GRAND RAPIDS, Mich. (WOOD) — A heat wave is typically known as “three or more days in a row at or above 90 degrees,” but does that hold true for different parts of the nation? That is the basis of this week’s Ask Ellen.

Occasionally, the way weather is defined changes with time. For example, the threshold for a severe thunderstorm was increased from 0.75 inches of hail to 1 inch of hail several years ago.

The definition of heat wave has also experienced some alterations with time to make it more appropriate for each geographical location.

In the American Meteorological Society glossary, a heat wave is a “spell of three or more days on each of which the maximum shade temperature reaches or exceeds 90 (degrees).”

In Grand Rapids, a string of three days in the 90s is fairly rare: Records dating back to the late 1800s show that these were most common in July, with a 40% chance.

In most months, like May, three-day strings of 90s are less frequent: Less than 5% of the years had one.
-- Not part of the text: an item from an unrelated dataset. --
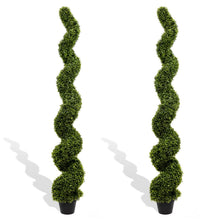 Load image into Gallery viewer, Artificial Outdoor UV Resistant Plastic Boxwood Topiary Spiral Tree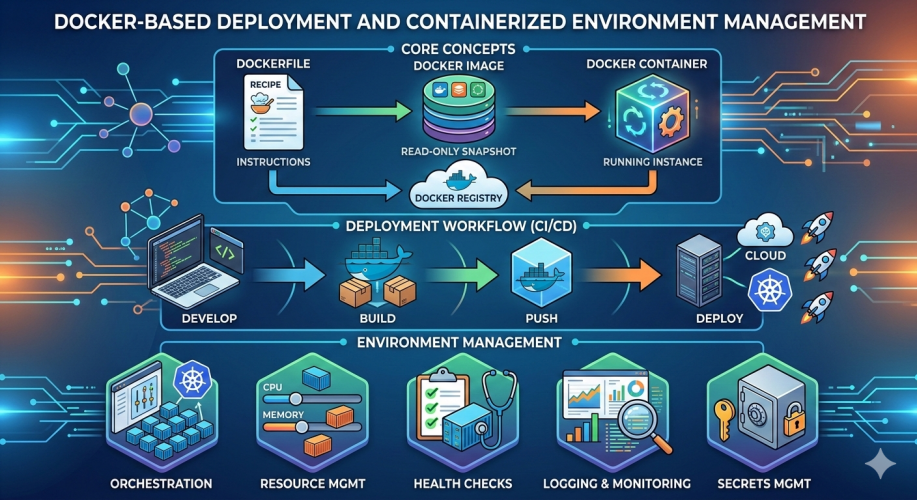 Docker-Based Deployment and Containerized Environment Management screenshot 1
Compare that to Phoenix, Arizona, where a 90-degree day is not rare. In the desert Southwest, the dry, hot conditions frequently launch highs into the 90s — if not the 100s. According to data that goes back to the 1930s, Phoenix has not gone a summer without a string of three 90s.

In the southeastern United States, increased humidity can make it harder for the thermometer to climb as high as it does in the desert Southwest.

Still, in many spots, 90s are frequent. The increased humidity usually creates difficult days with heat index readings in the 100s. A three-day stretch of 90s in Miami, Florida is historically most frequent in July and August.

Because of the vastness of the United States, the term “heat wave” has often become fairly subjective. Local meteorologists define it as a stretch of weather that is unusually hot or unusually prolonged for an area.

For Grand Rapids and the rest of West Michigan, using a threshold of three or more consecutive 90-degree days is appropriate, since these are relatively rare.

The southwest United States is more likely to brand a span of weather as a heat wave if temperatures are consistently soaring into the 100s for a few days in a row. Places in the nation like the Corn Belt, Deep South and Southeast will likely claim a heat wave if the heat index numbers land in the 100s over a consistent stretch, especially if difficult overnight low temperatures are involved.